Items from a dataset:
>>
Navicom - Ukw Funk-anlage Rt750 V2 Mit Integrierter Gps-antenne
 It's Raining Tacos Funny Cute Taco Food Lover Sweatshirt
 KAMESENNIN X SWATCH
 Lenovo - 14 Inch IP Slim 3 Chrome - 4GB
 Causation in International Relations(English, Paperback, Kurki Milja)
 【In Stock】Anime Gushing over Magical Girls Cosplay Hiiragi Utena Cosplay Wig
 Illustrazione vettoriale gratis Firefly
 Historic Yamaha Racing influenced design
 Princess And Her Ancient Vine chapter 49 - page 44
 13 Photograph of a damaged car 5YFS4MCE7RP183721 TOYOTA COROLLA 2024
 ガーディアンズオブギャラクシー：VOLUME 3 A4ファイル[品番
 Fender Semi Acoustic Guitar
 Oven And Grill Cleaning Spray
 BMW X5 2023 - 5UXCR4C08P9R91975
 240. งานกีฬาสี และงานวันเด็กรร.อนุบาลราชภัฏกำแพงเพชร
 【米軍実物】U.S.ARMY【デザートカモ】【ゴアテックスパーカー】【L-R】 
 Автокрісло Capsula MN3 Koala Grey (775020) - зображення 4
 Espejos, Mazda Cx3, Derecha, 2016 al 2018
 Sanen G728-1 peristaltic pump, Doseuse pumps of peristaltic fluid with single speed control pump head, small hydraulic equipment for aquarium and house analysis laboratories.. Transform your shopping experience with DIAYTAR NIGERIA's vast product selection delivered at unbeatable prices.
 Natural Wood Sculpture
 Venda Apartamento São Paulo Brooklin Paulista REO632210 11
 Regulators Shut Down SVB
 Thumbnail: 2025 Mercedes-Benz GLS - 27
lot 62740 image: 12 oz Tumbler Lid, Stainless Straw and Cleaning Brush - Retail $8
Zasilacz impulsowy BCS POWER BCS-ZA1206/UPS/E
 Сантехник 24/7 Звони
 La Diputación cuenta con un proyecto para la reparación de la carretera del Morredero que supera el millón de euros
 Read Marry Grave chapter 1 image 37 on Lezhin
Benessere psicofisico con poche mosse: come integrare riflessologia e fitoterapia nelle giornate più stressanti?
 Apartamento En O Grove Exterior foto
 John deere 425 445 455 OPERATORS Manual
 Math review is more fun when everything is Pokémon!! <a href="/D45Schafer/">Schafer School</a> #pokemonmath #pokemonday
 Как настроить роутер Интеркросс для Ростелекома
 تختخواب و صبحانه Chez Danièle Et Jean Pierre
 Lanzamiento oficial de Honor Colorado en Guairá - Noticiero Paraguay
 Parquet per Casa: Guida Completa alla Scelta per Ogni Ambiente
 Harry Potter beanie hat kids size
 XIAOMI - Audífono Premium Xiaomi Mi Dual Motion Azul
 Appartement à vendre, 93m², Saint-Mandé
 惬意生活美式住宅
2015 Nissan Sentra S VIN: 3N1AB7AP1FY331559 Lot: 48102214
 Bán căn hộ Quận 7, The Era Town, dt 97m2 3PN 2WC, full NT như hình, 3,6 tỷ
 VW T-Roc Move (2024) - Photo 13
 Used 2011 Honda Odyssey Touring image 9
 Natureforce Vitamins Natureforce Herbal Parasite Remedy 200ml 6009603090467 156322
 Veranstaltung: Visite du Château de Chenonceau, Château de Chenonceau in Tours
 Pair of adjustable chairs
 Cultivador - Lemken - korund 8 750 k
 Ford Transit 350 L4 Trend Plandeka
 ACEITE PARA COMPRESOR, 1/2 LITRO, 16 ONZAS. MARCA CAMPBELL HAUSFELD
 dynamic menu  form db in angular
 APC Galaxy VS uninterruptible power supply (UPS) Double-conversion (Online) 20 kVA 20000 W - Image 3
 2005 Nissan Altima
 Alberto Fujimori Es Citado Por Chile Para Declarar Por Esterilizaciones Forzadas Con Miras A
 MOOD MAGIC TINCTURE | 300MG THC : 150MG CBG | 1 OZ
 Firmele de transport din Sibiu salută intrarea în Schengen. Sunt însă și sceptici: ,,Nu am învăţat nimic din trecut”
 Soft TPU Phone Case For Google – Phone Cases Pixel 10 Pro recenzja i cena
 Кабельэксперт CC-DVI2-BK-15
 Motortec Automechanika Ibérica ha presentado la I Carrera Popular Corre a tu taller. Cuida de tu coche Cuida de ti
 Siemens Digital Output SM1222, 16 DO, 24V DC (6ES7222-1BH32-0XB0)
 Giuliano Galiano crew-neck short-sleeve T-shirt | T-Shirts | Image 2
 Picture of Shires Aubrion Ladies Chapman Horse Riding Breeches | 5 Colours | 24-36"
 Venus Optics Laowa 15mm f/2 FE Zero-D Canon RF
<<
▸ WORK REQUEST: Would you retype exactly the lines above, from the line with "XIAOMI - Audífono" to the line with "db in angular", with both end lines kept and nothing more?

▸ RESULT FOR THIS EXERCISE:
 XIAOMI - Audífono Premium Xiaomi Mi Dual Motion Azul
 Appartement à vendre, 93m², Saint-Mandé
 惬意生活美式住宅
2015 Nissan Sentra S VIN: 3N1AB7AP1FY331559 Lot: 48102214
 Bán căn hộ Quận 7, The Era Town, dt 97m2 3PN 2WC, full NT như hình, 3,6 tỷ
 VW T-Roc Move (2024) - Photo 13
 Used 2011 Honda Odyssey Touring image 9
 Natureforce Vitamins Natureforce Herbal Parasite Remedy 200ml 6009603090467 156322
 Veranstaltung: Visite du Château de Chenonceau, Château de Chenonceau in Tours
 Pair of adjustable chairs
 Cultivador - Lemken - korund 8 750 k
 Ford Transit 350 L4 Trend Plandeka
 ACEITE PARA COMPRESOR, 1/2 LITRO, 16 ONZAS. MARCA CAMPBELL HAUSFELD
 dynamic menu  form db in angular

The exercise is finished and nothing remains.